Ironically, the changed regulatory climate has resulted in a stronger ISS. Previously, we considered ourselves a northern California company selling to the United States; now we're truly an international operation. In Europe we have set up a company in the Netherlands to manufacture and distribute our products. We also have established European sales and distribution channels. The margins are smaller, but the trade-off in increased sales capacity makes it worthwhile.
Though we have adjusted to the new demands, I often wonder about the cumulative economic effect of many companies like ours seeking opportunities and creating jobs outside the United States. Many of us find it ironic that patients overseas will receive the benefit of technologies developed in the United States long before the folks back home will.
The new regulatory environment affects one other crucial area: the capital markets. When companies like ISS have to recalibrate their plans so radically, investors back off. Since most investors equate the unknown with higher risk, the capital markets have been less willing to invest in manufacturers like ISS until the climate is better defined by Washington. Initial and additional investment in medical-device businesses has all but shut down. The United States, currently the world's most fertile breeding ground for technological innovation, will lose its global leadership position if that continues. Moreover, the massive initial capital outlay required to develop a new drug in this country has limited that kind of development to large pharmaceutical companies. I fear that one day such onerous demands will drive out small entrepreneurial medical-device companies as well.

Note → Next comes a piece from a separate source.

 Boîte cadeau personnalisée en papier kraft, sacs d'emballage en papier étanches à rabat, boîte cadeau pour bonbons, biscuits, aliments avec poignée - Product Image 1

Obviously, we've had to make adjustments to our financial model. Initially, we planned on spending $7 million. We have now raised $15 million through private placements and anticipate seeking another $10 million to $15 million. Because we have had to focus our financial resources on getting Robodoc to market, we have essentially slowed the concurrent development of new, additional applications for the system that we had originally planned. And our investors, whose funds were committed under a different set of conditions, have had to adjust their expectations. For our employees, many of whom hope to benefit from an IPO, the fast-changing environment and requisite changes in company strategy and direction have been unsettling.
ISS is not out of the woods yet. But I believe our experience shows how, for any start-up, the environment can -- and will -- change quickly and in unexpected ways. In our case, one regulatory agency with the power to slow the growth of an entire industry has greatly raised the bar for introducing a successful product. Large businesses often have the resources to weather such changes. In small companies, the ability to rapidly react to those changes is the key not only to success but often to survival. It is our challenge to build organizations that can adapt to changes and seize the new opportunities they always bring.* * *
Bela L. Musits is president and chief operating officer of Integrated Surgical Systems Inc., based in Sacramento, Calif.